== Data shown

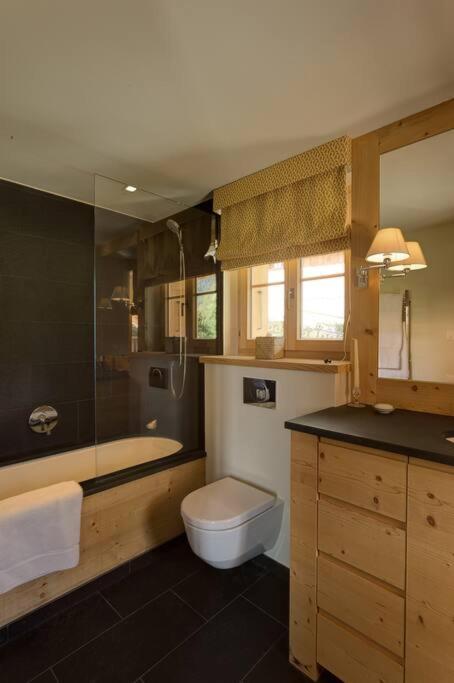 Luxury Chalet in Rougemont, 5 bedrooms & sauna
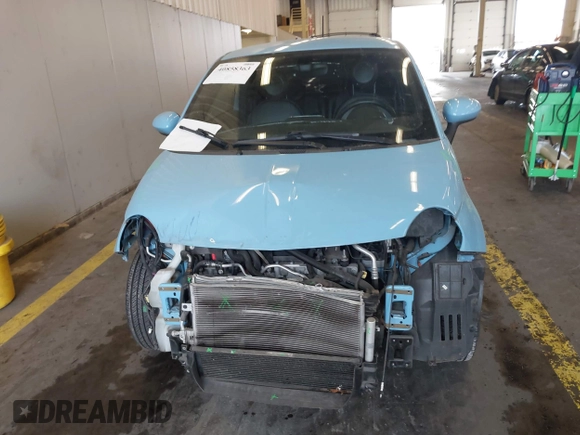2017 FIAT 500e with VIN 3C3CFFGE7HT546071, listed as a IAAI auction lot 40858363 with 37,454 mi miles. Bid and sale history available at carsss.com. Image 13.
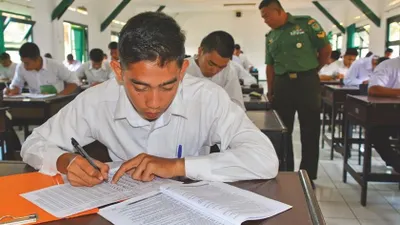 Ilustrasi. Program pembinaan siswa bermasalah di barak militer yang diinisiasi oleh Gubernur Jawa Barat, Dedi Mulyadi, telah memasuki hari keempat dan menuai berbagai tanggapan.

====

### [Task to complete]
Please output the material as written, apart from the images.

### [Problem solution]
 Luxury Chalet in Rougemont, 5 bedrooms & sauna
2017 FIAT 500e with VIN 3C3CFFGE7HT546071, listed as a IAAI auction lot 40858363 with 37,454 mi miles. Bid and sale history available at carsss.com. Image 13.
 Ilustrasi. Program pembinaan siswa bermasalah di barak militer yang diinisiasi oleh Gubernur Jawa Barat, Dedi Mulyadi, telah memasuki hari keempat dan menuai berbagai tanggapan.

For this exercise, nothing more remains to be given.